Definition 8 Let \(Y \sim f_Y(y)\) and \(V \sim f_V(v)\) where \(f_Y\) and \(f_V\) have common support with \[M = \sup_y f_Y(y) / f_V(y) < \infty.\] To generate a random variable \(Y \sim f_Y\):

  1. Generate \(U \sim \text{uniform}(0, 1)\), \(V \sim f_V\) independent.

  2. If \(U < \frac 1M f_Y(V)/f_V(V)\), return \(V\) as a sample of \(Y\); otherwise go back to (a.).

  • It is typical to call \(V\) the candidate density and \(Y\) the target density.

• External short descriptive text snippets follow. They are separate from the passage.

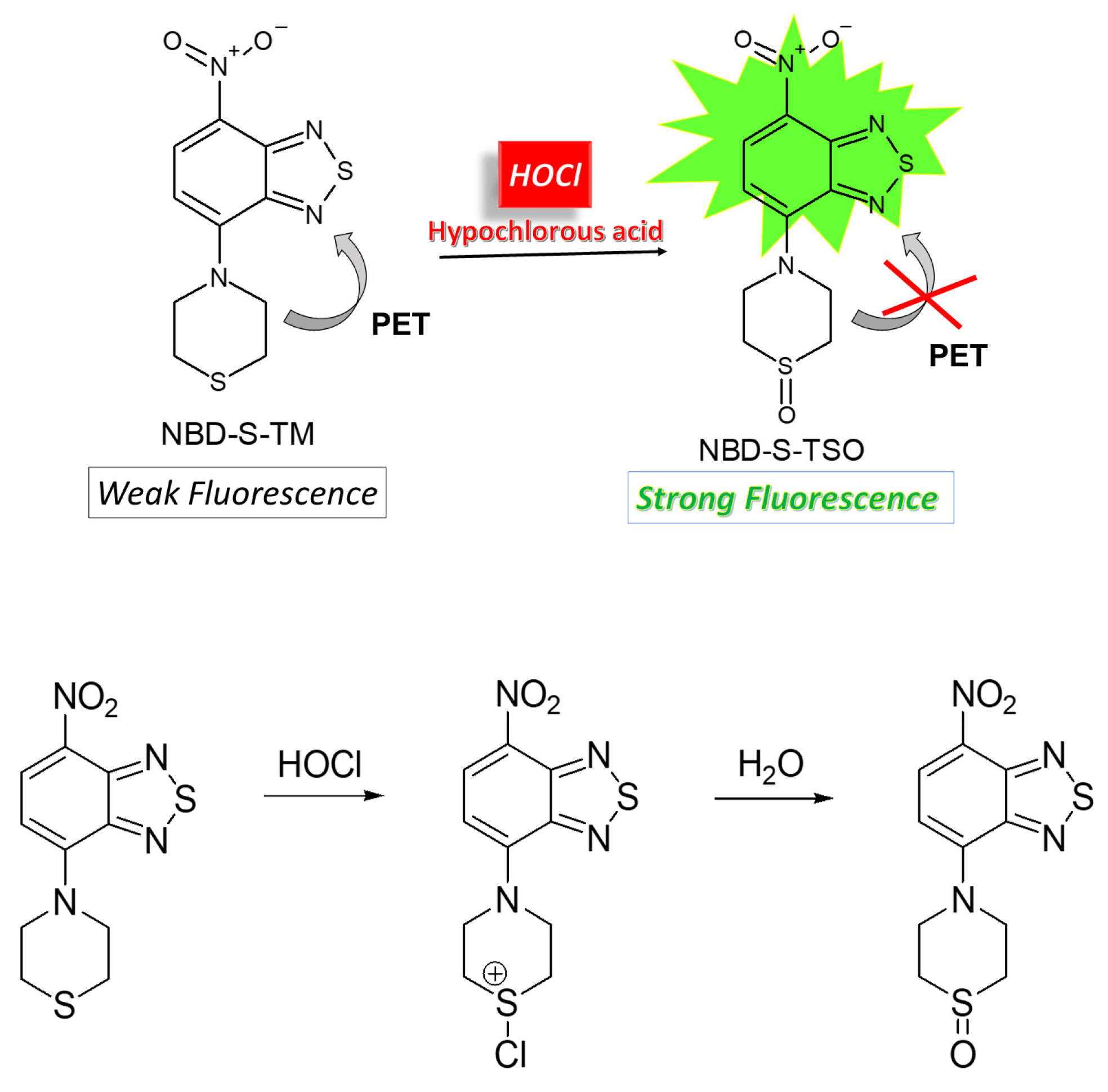Molecules 28 06055 sch002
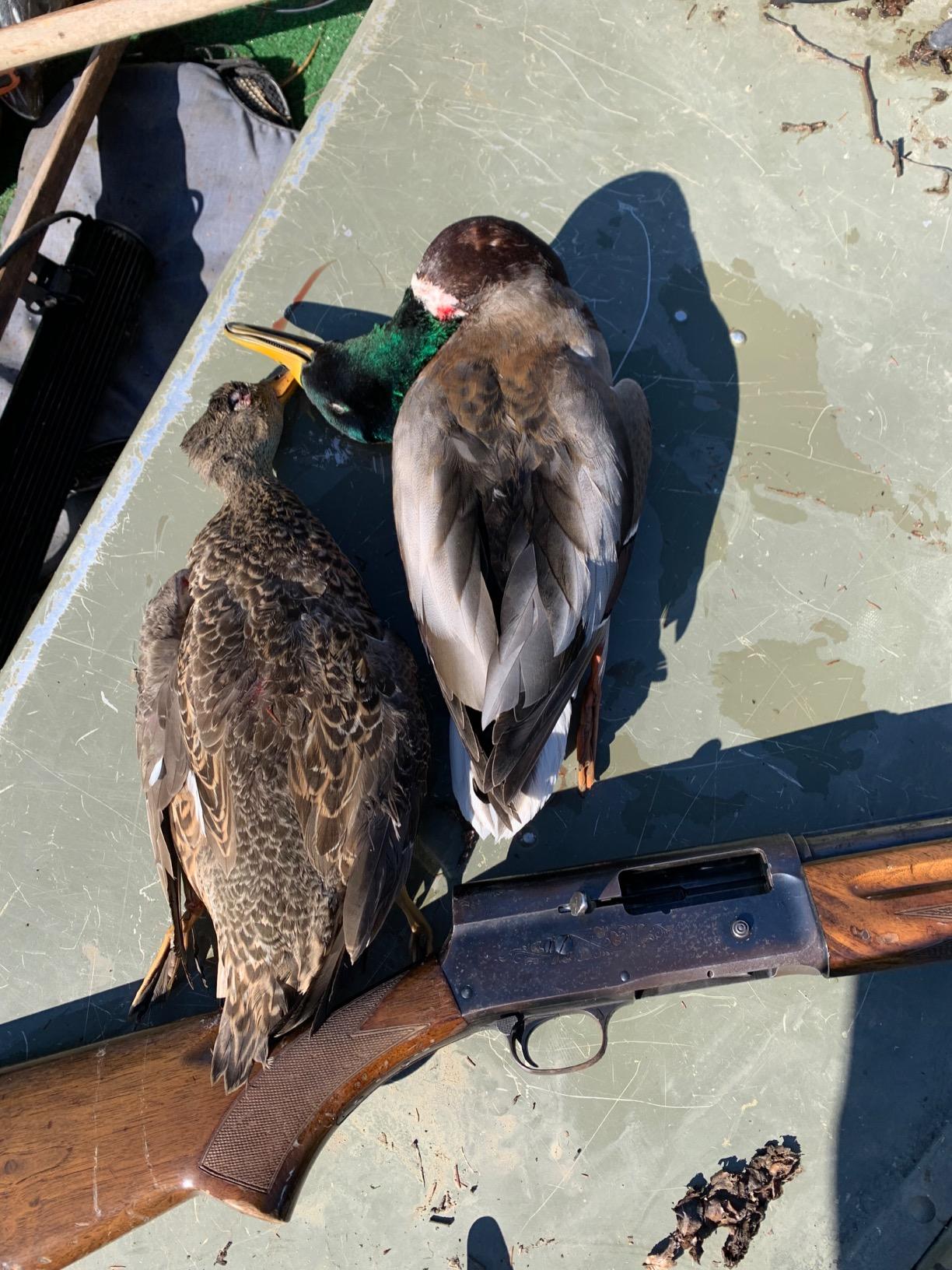 MOJO Elite Series Mini Mallard Spinning Wing Flexible Duck Decoy for Duck Hunting customer photo 2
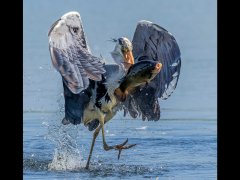 Carl Lane-Heron With Tench-Very Highly Commended.jpg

  • One would normally try to choose a candidate density with heavier tails than the target density (e.g. Cauchy and normal) to ensure that the tails of the target are well represented. If the target has heavy tails, however, it can be hard to find a candidate that results in finite \(M\). In this case people turn to MCMC methods.

  • Note that \(\text{P }(\texttt{terminate}) = 1/M\). The number of trials to generate one sample of \(Y\) is therefore \(\text{geometric}(1/M)\), with \(M\) the expected number of trials.

  • The intuition behind this algorithm is that if we consider placing the density of a random variable \(Y\) in a box (2d for simplicity) with coordinates \((v,u)\), we express the cdf of \(Y\) using \(V, U \sim \text{uniform}(0, 1)\) \[\text{P }(Y \leq y) = \text{P }(V \leq y \vert{} U \leq \frac1c f_Y(V))\] where \(c = \sup_y f_Y(y)\). In the actual algorithm we take \(U \sim \text{uniform}(0,1)\) and \(V\) to be an RV that has common support with \(Y\).

Order Statistics

Definition: sample percentile

The notation \(\{b\}\), when appearing in a subscript, is defined to be the number \(b\) rounded to the nearest integer in the usual way. More precisely, if \(i\) is an integer and \(i - .5 \le b < i + .5\), then \(\{b\} = i\).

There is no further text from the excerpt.